One interesting point here is that, while the vort crosses Southern New England and this supports intense upward vertical motion, especially when coupled with intense warm and moist advection, there is also some evidence of a center jump on Friday. That should be enough to scare any meteorologist at least a little, because some of the most notorious over-forecasted snow events come in center-jump scenarios, where the vorticity maximum is moving so fast the surface low can't keep up, and a new one develops farther east. This happens on Friday with one surface low left behind in Western PA, and the new one developing south of Long Island. While that's all well and good because it brings an intensifying cyclonic circulation south of New England for intensifying warm and moist conveyor belt, plus an intensifying Atlantic easterly inflow, it also means that if the center jump occurs just a touch later, somebody (or lots of somebodies) aren't getting the snow they're supposed to. Right now, this concern certainly is warranted given the speed of the vort max, but also has very little foundation given excellent agreement among the guidance on developing the new center quickly enough to do the job. In fact, 12Z guidance suite of the Canadian Ensemble continues to come on board with the leading GFS forecast, expanding the precip field and increasing amounts. Rather impressive that even the GGEM at 12Z had nearly an inch of melted QPF for Southern New Hampshire, with greater amounts through Northern and Central MA!
This is a big reason why I've had no qualms about mentioning a foot or more for some of us in New England - looks like Central and Southern New England - because the QPF is there even without the trend for increasing liquid. With such cold antecedent conditions, this is unlikely to be a straight 10:1 or 13:1 ratio, and likely will verify at least in the deformation band as a 16 or 18:1. I haven't analyzed the thermal profile yet (will tomorrow, of course) but it just makes sense to have a decent ratio given the cold in place to start, and the good warm advection that also may give us our ideal 850 mb conditions for sticky snowflakes that can grow quickly upon descent. So, right off the bat we're talking a 16-18" snowfall if the 1" QPF verifies. Now, I haven't thrown those specific numbers out there for the taking in my broadcasts yet, for the obvious reason that a center jump or southward shift like the NMM tries to paint means a big decrease in amounts. Regardless, I don't think either of those will happen, but figure saying a foot plus is bold enough from two and three days out.

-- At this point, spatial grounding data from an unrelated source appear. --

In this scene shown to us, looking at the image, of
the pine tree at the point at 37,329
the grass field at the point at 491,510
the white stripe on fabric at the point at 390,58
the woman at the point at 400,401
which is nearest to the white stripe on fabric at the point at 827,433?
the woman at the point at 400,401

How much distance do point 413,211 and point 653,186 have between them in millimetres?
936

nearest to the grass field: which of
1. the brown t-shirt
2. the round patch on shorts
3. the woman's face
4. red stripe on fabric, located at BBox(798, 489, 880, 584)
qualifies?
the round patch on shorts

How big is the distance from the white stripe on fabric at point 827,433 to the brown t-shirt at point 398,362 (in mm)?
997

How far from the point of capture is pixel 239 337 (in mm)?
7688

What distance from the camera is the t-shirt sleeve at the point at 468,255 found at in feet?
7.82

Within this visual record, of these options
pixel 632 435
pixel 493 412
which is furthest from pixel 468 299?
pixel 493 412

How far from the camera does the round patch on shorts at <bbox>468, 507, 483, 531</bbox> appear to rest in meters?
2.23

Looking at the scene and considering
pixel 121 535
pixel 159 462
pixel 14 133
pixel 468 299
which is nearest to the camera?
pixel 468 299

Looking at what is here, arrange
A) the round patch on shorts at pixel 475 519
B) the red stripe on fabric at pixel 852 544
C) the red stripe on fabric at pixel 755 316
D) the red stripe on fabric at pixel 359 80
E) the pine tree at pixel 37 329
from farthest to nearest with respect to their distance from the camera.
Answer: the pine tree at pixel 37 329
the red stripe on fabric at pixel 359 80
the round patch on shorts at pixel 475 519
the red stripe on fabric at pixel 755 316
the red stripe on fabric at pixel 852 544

As for placement of the deformation band/heavy snow band, there's likely to be two different mechanisms for banding: 1) mid-level frontogenesis, and 2) surface coastal frontogenesis. The former appears in recent runs to set up near the MA Turnpike, but given the propensity for a farther north and heavier handed distribution of precipitation, I am suspect it may verify in Northern MA to Southern NH. Nonetheless, this intense isentropic lift will mean a band of forced ascent that will create efficient snowflake production, and increased QPF. The coastal frontogenesis is unlikely to spell a rain/snow line from Boston northward, though may in Southeastern MA where more ocean fetch takes place. Still, it will define the difference in ratios, and also will help to increase surface and low level convergence. At some point, the mid-level deformation band and low level coastal front will intersect. This is likely to be your highest snow total. It's worth noting that there's good agreement on some .50-.70" amounts in only 6 hours from 18Z to 00Z Fri/Sat, and this implies snowfall rates of 1-2" per hour for an extended duration Friday afternoon and eve. Plows will not be able to keep up with this, especially at the time of evening commute, and if this still looks as menacing in tomorrow's runs, it will be essential to encourage no afternoon travel plans in my casts on Friday morning. Perhaps sooner, but that's a lot to ask of people and you want to have excellent confidence (utmost) before you suggest or request it.

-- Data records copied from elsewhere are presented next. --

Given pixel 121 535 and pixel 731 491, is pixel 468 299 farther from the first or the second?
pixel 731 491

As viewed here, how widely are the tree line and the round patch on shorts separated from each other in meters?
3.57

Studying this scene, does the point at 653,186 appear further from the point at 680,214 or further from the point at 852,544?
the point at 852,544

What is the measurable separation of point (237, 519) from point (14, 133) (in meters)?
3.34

Of course, this is only the first storm of the series, right? The NAO remains abnormally positive while the PNA remains abnormally negative, and this means the same strangely active pattern persists with another storm threat Sunday, then again Tuesday. One would think at least one of these storms will fail to verify - how often can you really pull the hat trick? But then again, such a strong backwards New England storm planetary pattern just might be the one scenario you could actually do it in.
See you back here before too long.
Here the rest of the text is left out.